* [YOUR OBJECTIVE]: If a line below contains "Size", count it; then state how many such lines there are, and nothing else.

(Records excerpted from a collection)
---
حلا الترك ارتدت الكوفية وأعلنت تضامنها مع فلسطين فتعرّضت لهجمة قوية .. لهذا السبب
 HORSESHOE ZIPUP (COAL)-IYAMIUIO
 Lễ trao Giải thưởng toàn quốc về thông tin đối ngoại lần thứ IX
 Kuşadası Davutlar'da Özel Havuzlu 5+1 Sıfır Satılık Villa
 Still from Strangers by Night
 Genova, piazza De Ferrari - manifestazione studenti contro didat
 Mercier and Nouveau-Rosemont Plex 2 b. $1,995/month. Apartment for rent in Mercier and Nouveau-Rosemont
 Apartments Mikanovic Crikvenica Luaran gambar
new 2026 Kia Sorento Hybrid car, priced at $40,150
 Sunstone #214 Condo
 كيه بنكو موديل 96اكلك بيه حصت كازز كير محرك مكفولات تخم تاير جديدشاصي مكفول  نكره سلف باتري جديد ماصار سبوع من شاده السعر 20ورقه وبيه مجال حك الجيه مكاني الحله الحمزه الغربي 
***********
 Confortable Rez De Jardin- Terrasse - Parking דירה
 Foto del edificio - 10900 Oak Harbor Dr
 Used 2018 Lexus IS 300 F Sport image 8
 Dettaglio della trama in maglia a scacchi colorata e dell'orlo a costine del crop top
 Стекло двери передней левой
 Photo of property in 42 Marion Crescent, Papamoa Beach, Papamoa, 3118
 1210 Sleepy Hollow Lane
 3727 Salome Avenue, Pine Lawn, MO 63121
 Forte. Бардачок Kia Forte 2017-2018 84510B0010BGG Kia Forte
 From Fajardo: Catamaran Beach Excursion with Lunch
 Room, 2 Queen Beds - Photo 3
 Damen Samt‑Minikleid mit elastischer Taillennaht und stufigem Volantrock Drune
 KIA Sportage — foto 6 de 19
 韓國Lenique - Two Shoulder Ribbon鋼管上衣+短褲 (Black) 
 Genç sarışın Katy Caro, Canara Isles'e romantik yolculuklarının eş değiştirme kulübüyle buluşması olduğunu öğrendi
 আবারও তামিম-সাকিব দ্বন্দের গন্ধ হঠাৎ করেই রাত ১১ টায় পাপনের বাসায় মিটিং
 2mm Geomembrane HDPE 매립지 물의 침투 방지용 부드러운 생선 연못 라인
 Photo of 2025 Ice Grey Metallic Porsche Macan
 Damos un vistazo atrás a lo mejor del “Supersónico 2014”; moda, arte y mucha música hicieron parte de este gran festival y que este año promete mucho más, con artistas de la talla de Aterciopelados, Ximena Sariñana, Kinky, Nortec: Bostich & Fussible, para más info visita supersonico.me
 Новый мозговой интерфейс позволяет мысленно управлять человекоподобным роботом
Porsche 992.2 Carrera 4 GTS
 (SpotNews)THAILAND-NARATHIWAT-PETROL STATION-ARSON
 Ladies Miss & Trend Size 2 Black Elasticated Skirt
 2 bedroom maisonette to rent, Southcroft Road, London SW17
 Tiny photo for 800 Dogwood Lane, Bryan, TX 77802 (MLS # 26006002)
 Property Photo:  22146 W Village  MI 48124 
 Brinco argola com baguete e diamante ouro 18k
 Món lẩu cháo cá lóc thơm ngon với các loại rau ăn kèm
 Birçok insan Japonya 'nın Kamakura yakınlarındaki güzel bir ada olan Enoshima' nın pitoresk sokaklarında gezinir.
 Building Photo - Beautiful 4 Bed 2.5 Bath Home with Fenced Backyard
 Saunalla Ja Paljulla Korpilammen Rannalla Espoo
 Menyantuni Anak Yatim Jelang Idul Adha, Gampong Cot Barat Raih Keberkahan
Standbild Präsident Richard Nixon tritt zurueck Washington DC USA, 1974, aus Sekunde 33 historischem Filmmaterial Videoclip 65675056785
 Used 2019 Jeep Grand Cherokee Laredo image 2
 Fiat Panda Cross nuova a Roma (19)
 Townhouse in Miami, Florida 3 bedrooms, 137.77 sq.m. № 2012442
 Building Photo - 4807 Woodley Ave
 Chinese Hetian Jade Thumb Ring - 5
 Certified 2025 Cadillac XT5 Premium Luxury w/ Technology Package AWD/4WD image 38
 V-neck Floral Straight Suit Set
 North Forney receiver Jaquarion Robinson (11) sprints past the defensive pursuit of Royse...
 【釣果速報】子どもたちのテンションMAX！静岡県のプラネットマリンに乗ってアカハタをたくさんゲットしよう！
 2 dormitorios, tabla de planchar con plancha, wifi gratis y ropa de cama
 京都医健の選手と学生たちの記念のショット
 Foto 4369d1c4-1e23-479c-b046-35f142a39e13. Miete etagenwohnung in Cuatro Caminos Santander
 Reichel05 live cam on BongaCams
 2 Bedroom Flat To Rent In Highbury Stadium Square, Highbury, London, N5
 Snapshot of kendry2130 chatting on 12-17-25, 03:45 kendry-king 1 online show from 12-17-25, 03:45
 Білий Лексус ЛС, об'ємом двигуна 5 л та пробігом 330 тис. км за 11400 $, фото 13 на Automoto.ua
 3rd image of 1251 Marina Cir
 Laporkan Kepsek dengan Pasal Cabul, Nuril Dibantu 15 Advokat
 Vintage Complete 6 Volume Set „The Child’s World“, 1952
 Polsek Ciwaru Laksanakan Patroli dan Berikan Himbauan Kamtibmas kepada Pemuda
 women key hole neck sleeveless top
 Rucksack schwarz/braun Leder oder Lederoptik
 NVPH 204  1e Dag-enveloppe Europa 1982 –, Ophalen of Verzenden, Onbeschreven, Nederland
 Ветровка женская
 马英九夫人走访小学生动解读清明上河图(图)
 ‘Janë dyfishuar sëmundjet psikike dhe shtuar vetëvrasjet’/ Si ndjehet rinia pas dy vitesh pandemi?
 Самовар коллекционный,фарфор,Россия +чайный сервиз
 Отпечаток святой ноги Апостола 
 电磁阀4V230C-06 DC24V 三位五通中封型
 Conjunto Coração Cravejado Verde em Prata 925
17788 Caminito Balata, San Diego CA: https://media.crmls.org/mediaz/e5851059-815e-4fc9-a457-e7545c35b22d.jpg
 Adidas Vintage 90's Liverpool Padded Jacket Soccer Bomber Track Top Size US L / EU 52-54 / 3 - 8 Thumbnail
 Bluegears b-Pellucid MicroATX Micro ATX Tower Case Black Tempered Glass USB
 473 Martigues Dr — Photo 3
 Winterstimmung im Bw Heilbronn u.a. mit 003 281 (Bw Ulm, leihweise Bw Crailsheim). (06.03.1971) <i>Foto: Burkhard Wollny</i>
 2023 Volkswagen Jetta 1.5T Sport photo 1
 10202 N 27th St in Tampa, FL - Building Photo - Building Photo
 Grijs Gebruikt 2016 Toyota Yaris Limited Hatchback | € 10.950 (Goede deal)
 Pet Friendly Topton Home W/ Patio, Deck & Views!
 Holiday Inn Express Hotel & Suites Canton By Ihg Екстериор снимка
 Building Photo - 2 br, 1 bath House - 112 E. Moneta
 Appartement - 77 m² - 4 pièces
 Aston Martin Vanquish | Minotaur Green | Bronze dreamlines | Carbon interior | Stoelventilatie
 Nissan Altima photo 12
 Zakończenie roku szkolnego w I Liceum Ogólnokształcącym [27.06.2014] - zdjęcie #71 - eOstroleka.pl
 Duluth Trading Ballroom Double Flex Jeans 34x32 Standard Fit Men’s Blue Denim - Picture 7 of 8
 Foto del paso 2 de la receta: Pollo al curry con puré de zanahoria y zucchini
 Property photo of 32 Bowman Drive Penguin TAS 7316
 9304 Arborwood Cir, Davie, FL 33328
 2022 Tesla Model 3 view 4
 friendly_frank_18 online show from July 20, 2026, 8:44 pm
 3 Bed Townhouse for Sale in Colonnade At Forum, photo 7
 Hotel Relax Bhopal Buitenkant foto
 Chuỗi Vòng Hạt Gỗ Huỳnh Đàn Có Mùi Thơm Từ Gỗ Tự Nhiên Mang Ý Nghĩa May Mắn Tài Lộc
---
* [TASK RESULT]: 2